Te veo en fotos, cansada, pálida, amarronada y haciendo una fuerza titánica por sonreír.
Te veo en fotos, en videos, teniendo la lucha más tremenda por ser feliz.
Te recuerdo sentada en el sillón, con el tic tac del reloj más lento del mundo, contando los segundos para dejar de estar sola.
Siento tu miedo al mirar a tu bebé, por cada sonido que emite o deja de emitir, por cada minuto de llanto, por cada hora que pasaba en cada teta, por cada siesta corta o demasiado larga.

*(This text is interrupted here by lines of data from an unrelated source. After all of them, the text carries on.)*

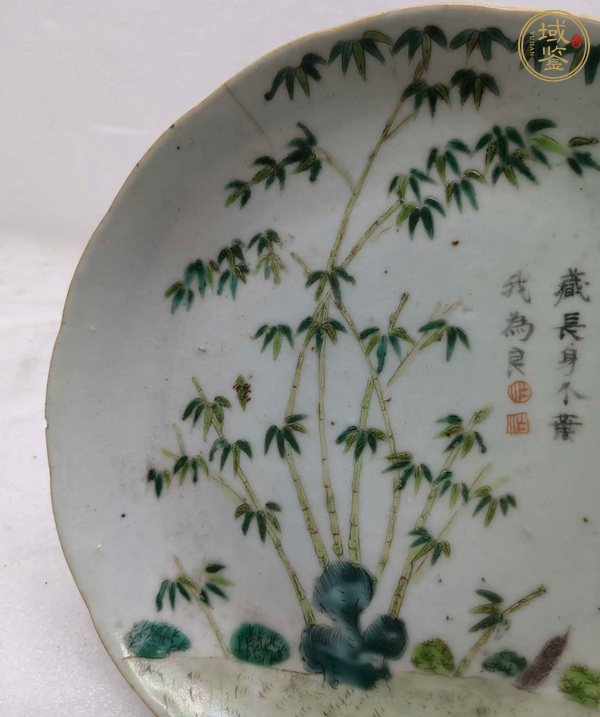 古玩陶瓷清晚期粉彩竹紋盤真品鑒賞圖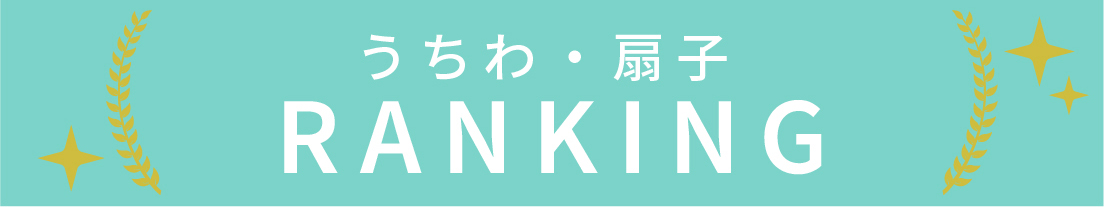 うちわ・扇子のランキング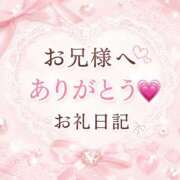 ヒメ日記 2026/09/17 01:21 投稿 まゆ☆感度良好なロリっ子♡ じゃむじゃむ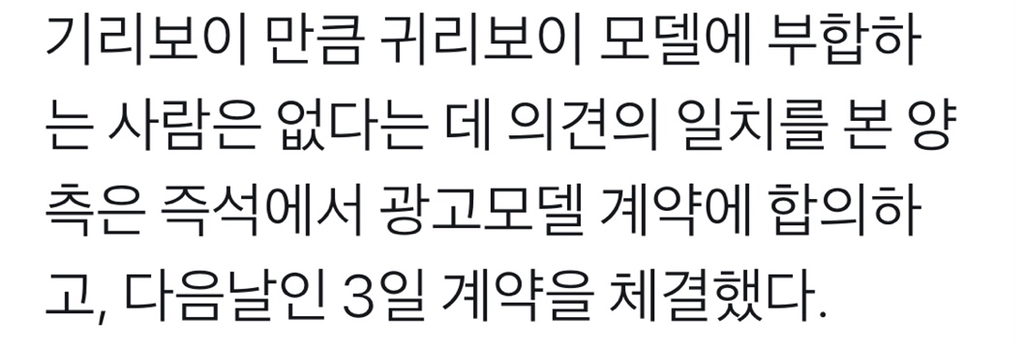 귀리보이 광고모델 기리보이 ㅋㅋㅋ | 인스티즈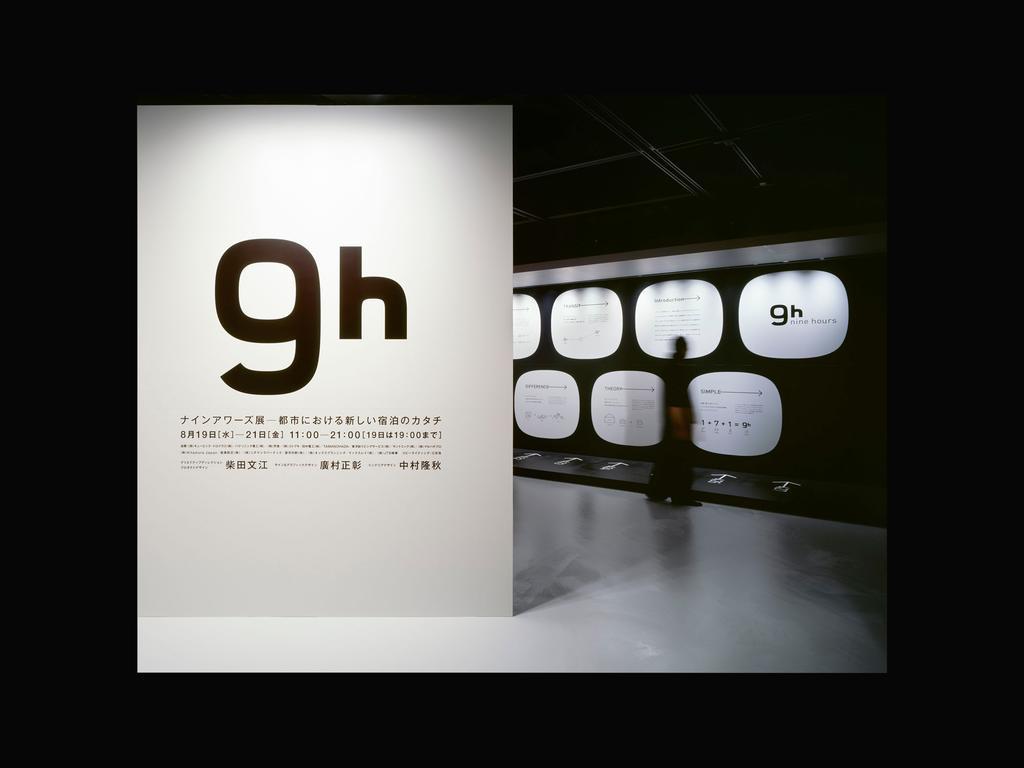 Nine Hours 교토 외부 사진
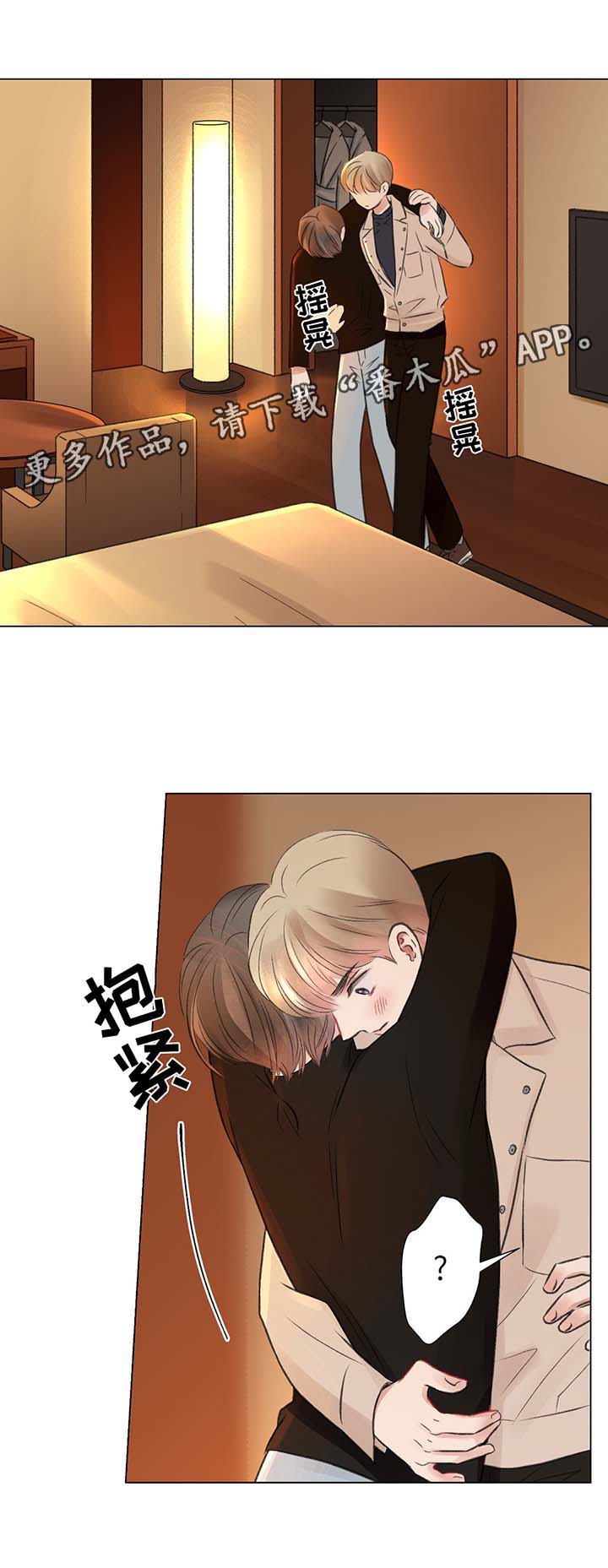 第32章：喝醉酒4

Siento tu vergüenza por tu cuerpo raro, casi tribal, de líneas negras y curvas que se cavan en cada recoveco posible.
Tiemblo ante tu dolor por pensar que habías perdido todo, por creerte juzgada por no haber trabajado durante tu embarazo, por no avanzar académicamente, por involucionar socialmente al punto de convertirte en una visionaria de lo que se vendría dos años después, por perder la poca belleza que quedaba, por sentirte sola, sin nadie que te afirmara, que te amurara, te sostuviera y te guiara.
Pero también siento tu fuerza, para anclarte y salvarte, para inventarte y autojustificarte un tiempo de silencio, como alimento energético, como mimo al alma, como espacio para vos, carvado en la madera más dura que es el puerperio. Por no resignarte a la ayuda que no llegó y buscar otra. Por inventar nuevas formas de ser vos y por construir una voz más determinada y ancha para vaciar el dolor y llenarte de vos.
Gracias. Te veo y me llenás de orgullo. Te veo y me dolés, pero más que nada, te amo.